# TRY IT
In the records below, find the line that contains "300 Pcs 15 Value Micro" and the line that contains "Kemei KM-8863 2"; write out exactly those two lines and everything between them, without the pictures.

# RECORDS FOR THE TASK
━━━
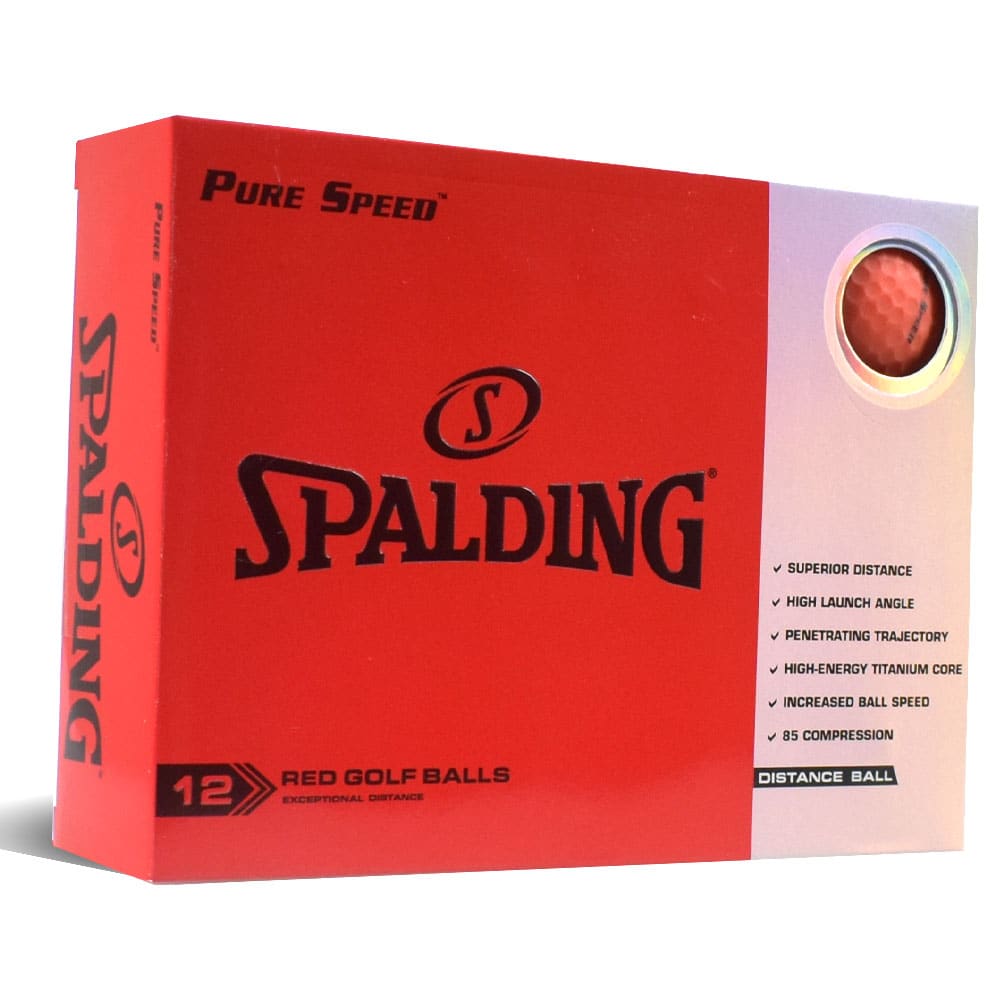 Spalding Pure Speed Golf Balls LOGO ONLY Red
━━━
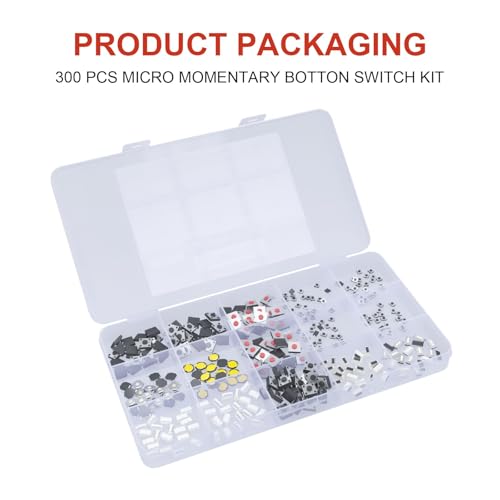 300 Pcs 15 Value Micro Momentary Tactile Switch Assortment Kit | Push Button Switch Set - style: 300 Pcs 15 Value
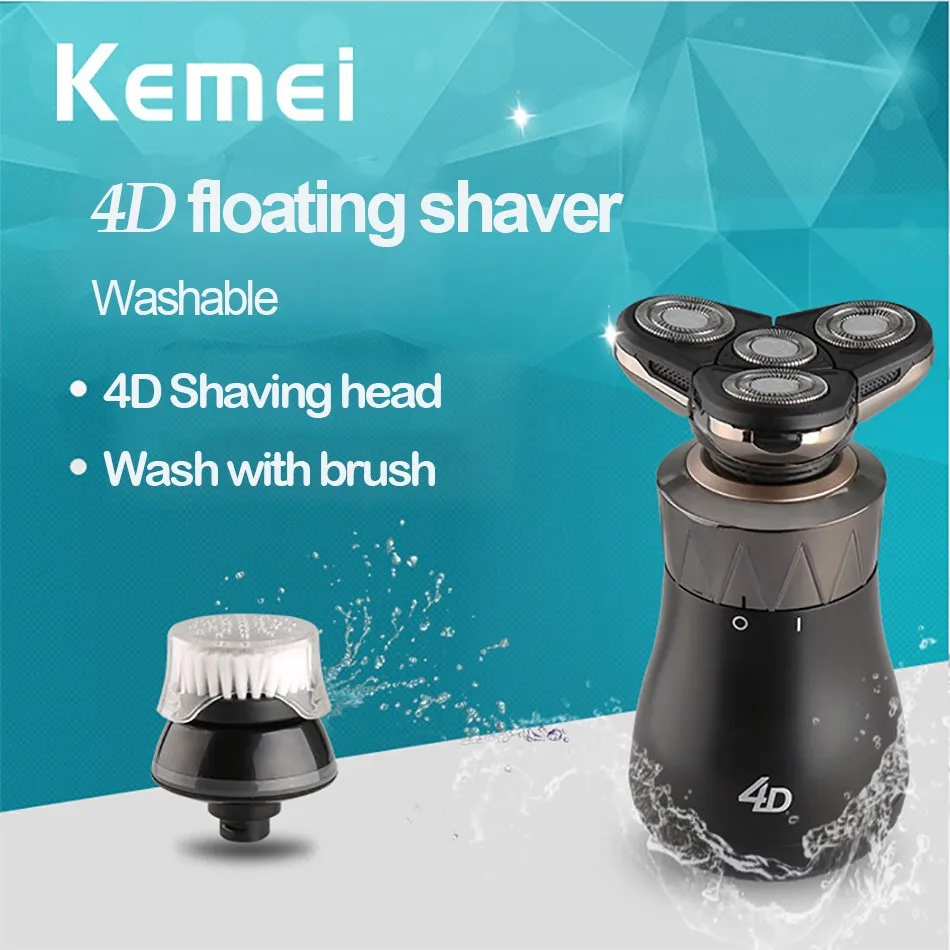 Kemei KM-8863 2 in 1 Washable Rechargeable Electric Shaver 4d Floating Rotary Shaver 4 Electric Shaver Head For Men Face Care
━━━
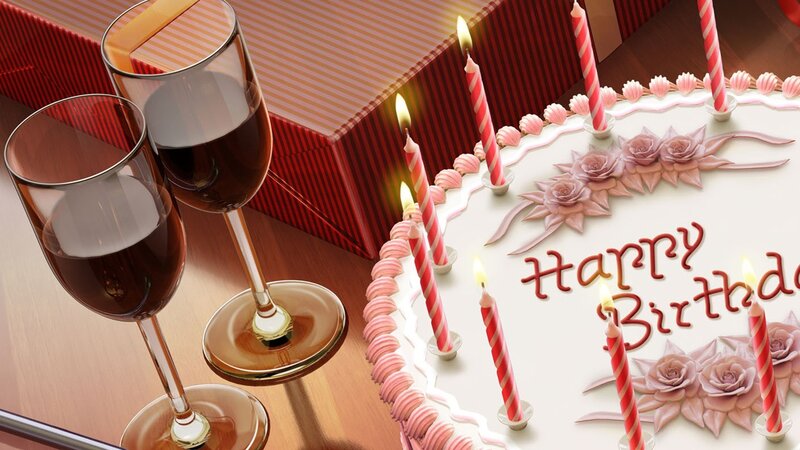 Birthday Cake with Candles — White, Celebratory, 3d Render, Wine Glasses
━━━
# YOUR RESPONSE
 300 Pcs 15 Value Micro Momentary Tactile Switch Assortment Kit | Push Button Switch Set - style: 300 Pcs 15 Value
 Kemei KM-8863 2 in 1 Washable Rechargeable Electric Shaver 4d Floating Rotary Shaver 4 Electric Shaver Head For Men Face Care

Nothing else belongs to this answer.